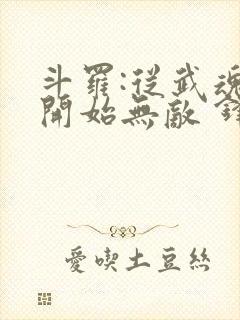 斗罗:从武魂殿开始无敌 锋feng封面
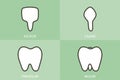 Type of tooth incisor, canine, premolar, molar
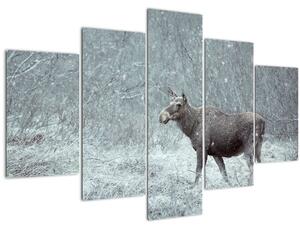 Obraz - Los v zasneženom lese (150x105 cm)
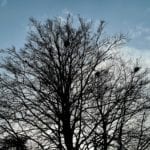 leafless trees on a blue sky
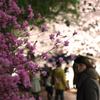 桜 さく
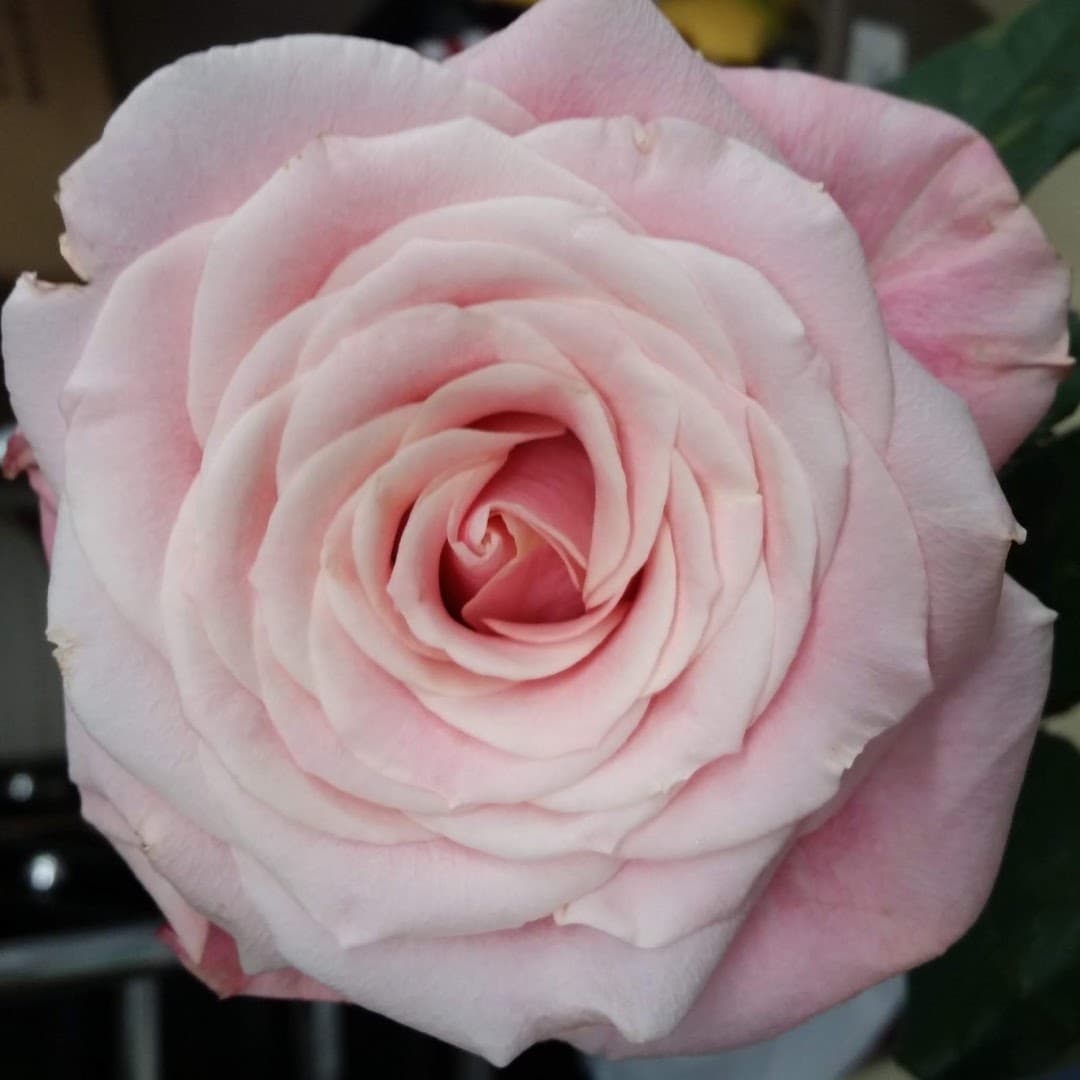 Ramelle's Florist - Image 1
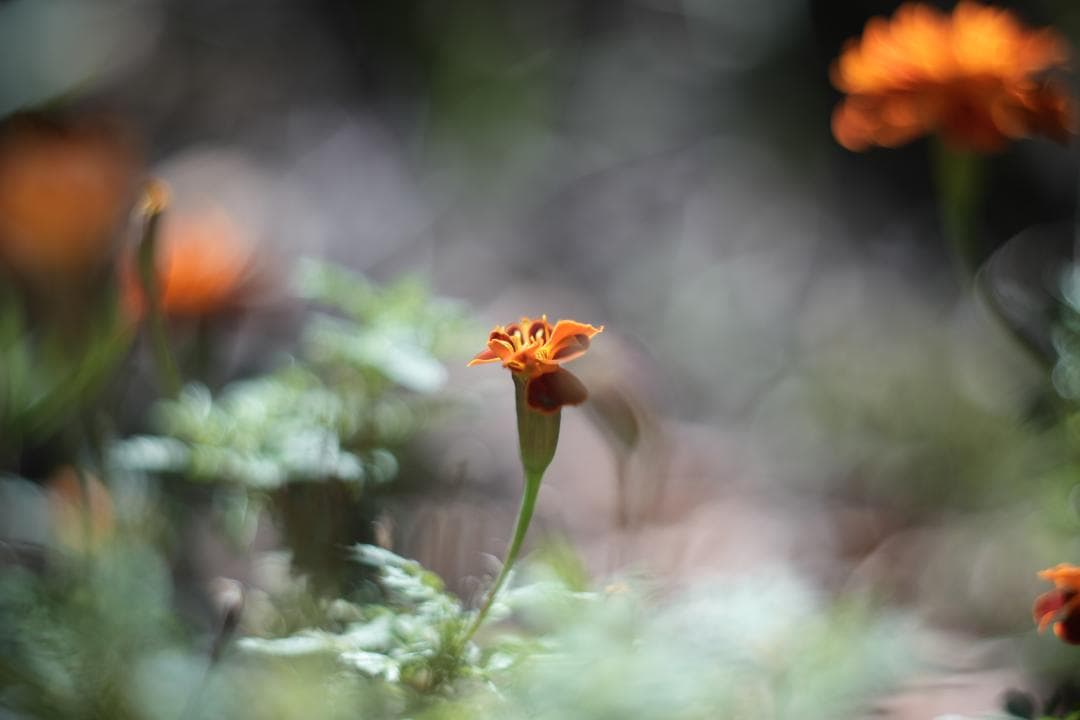 KMZ PO-2-2M 75mm f2 ライカMマウント改 オールドシネレンズ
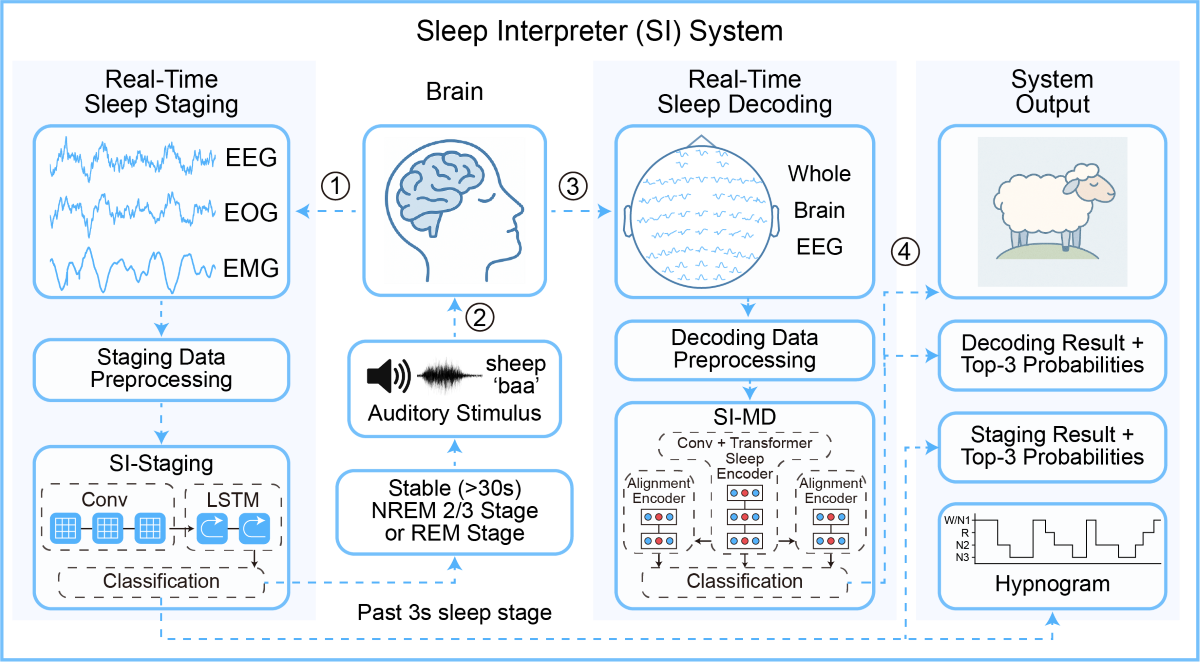 北京师范大学 心理学部教授柳昀哲课题组在《神经元》发文：揭示AI+脑科学新进展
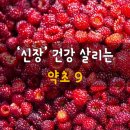 건강 약초 이미지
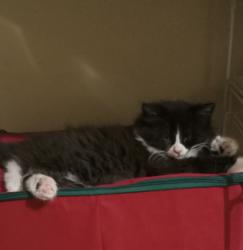 Lost Male Cat last seen Ft. Bragg Road, Fayetteville, NC near Terry Sanford High School, Fayetteville, NC 28305
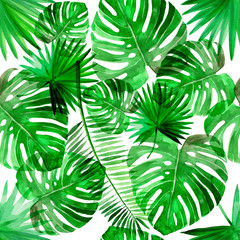 Tropical green beach summer palm leaf pattern set watercolor illustrated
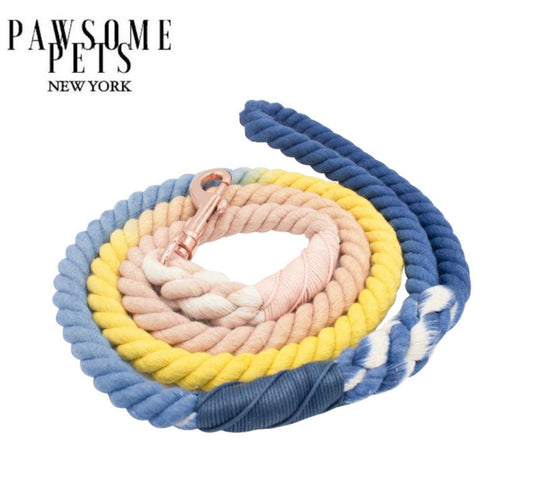 Blue & Yellow Rope Dog Leash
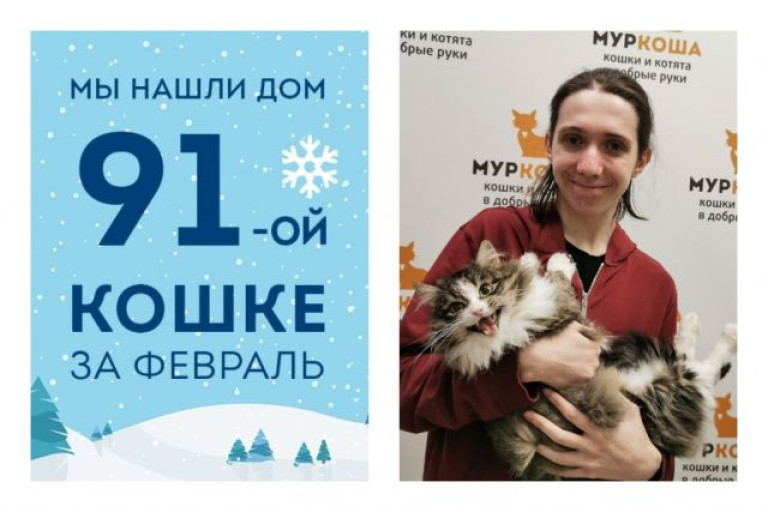Годовалая кошечка Стася отправляется домой!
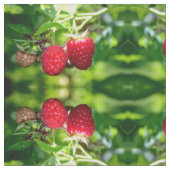 Tissu Framboise (Fermer)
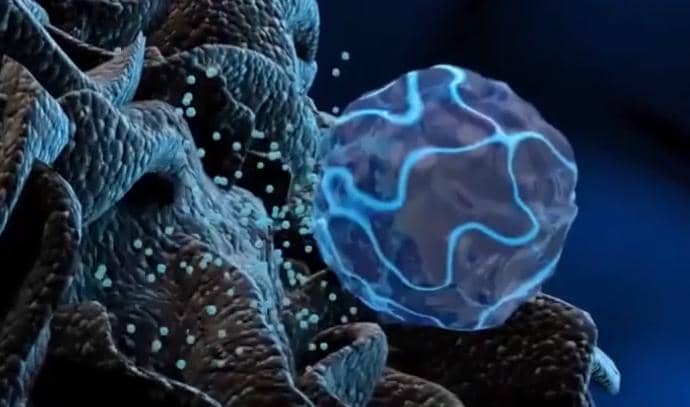 雙特異性納米抗體在腫瘤領(lǐng)域的研究進(jìn)展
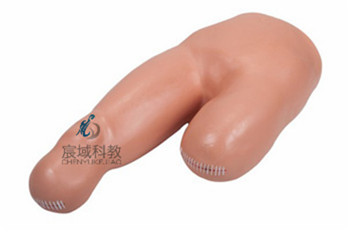 CY-LV12 高级低位包扎模型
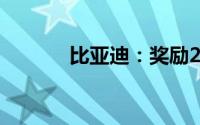 比亚迪：奖励21位线索提供人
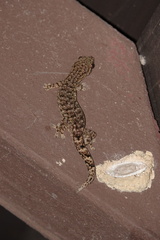 Hemiphyllodactylus hongkongensis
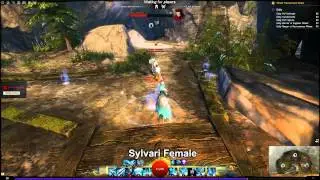 GW2 Dragonhunter skill animations on all races and genders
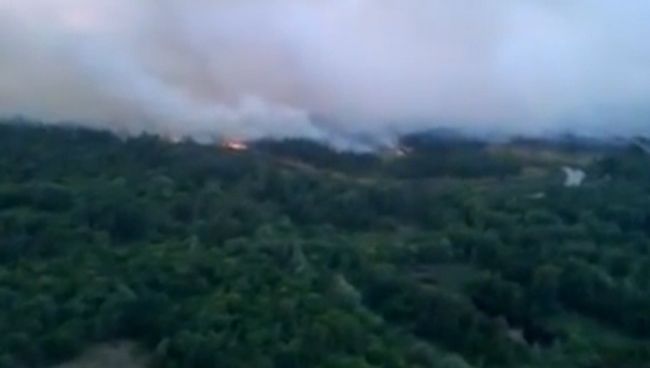 Густой дым пожара накрыл зону отчуждения под Чернобылем Густой дым пожара накрыл зону отчуждения под Чернобылем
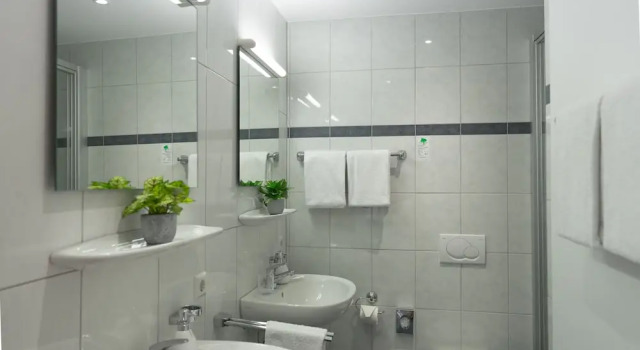 Двухместный люкс Hotel La Fleur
◆ ◆ ◆ ◆ ◆
With all pictures excluded, output exactly the lines from the one containing "CY-LV12 高级低位包扎模型" through the final line of the entries, inclusive.

# Result
 CY-LV12 高级低位包扎模型
 比亚迪：奖励21位线索提供人
 Hemiphyllodactylus hongkongensis
 GW2 Dragonhunter skill animations on all races and genders
 Густой дым пожара накрыл зону отчуждения под Чернобылем Густой дым пожара накрыл зону отчуждения под Чернобылем
 Двухместный люкс Hotel La Fleur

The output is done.